3. when I went in to user's profile and viewed email addresses, they had been changed from (Example jdoe@.... to john@.....). so I manually changed them back to initial addresses (even though everyone is configured for about 4 alias, including the [email protected] jdoe@ is the primary SMTP address), within a minute they were back to john@.....???

I have never done anything with the firewall. I have no idea how it is configured, or where it resides in the network.It is the "canned" microsoft firewall, that shipped with the OS. The consulting firm who setup server, had no information about it, nor does my boss.

The router, went from being a separate "3Com office connect ISDN LAN Modem", to one housed in the Adtran total Access 616, T1 network interface, V.35, 10/100 Base T and IP Router. 16 FXS ports.

We have only one server, with Small Business Server 2k.

[ilovetheusers]

I've read both of your posts and I have to ask (forgive me if I am being presumpious or cras) are you there in the capacity of a IT/IS professional or are you one of the personnel that this site? If the later I suggest contacting the IS or IT group in your company.

If not:

What sort of T1 did you switch to? Are you now on the companies WAN via T1 or did the site get a T1 to the internet?

[corturbra]

The issue is that since converting over to T1, exchange has many symptoms that I don't understand.

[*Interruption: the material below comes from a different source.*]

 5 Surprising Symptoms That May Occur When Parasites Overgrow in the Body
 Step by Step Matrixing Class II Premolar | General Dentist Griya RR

1. Users are being told by customers that when they receive an email from us, they cannot "reply" to it.
2. OWA is inaccessible from the outside. I can connect to it via the server at http://localhost/exchange......
3. when I went in to user's profile and viewed email addresses, they had been changed from (Example jdoe@.... to john@.....). so I manually changed them back to initial addresses (even though everyone is configured for about 4 alias, including the [email protected] jdoe@ is the primary SMTP address), within a minute they were back to john@.....???

I have never done anything with the firewall. I have no idea how it is configured, or where it resides in the network.It is the "canned" microsoft firewall, that shipped with the OS. The consulting firm who setup server, had no information about it, nor does my boss.

The router, went from being a separate "3Com office connect ISDN LAN Modem", to one housed in the Adtran total Access 616, T1 network interface, V.35, 10/100 Base T and IP Router. 16 FXS ports.

We have only one server, with Small Business Server 2k.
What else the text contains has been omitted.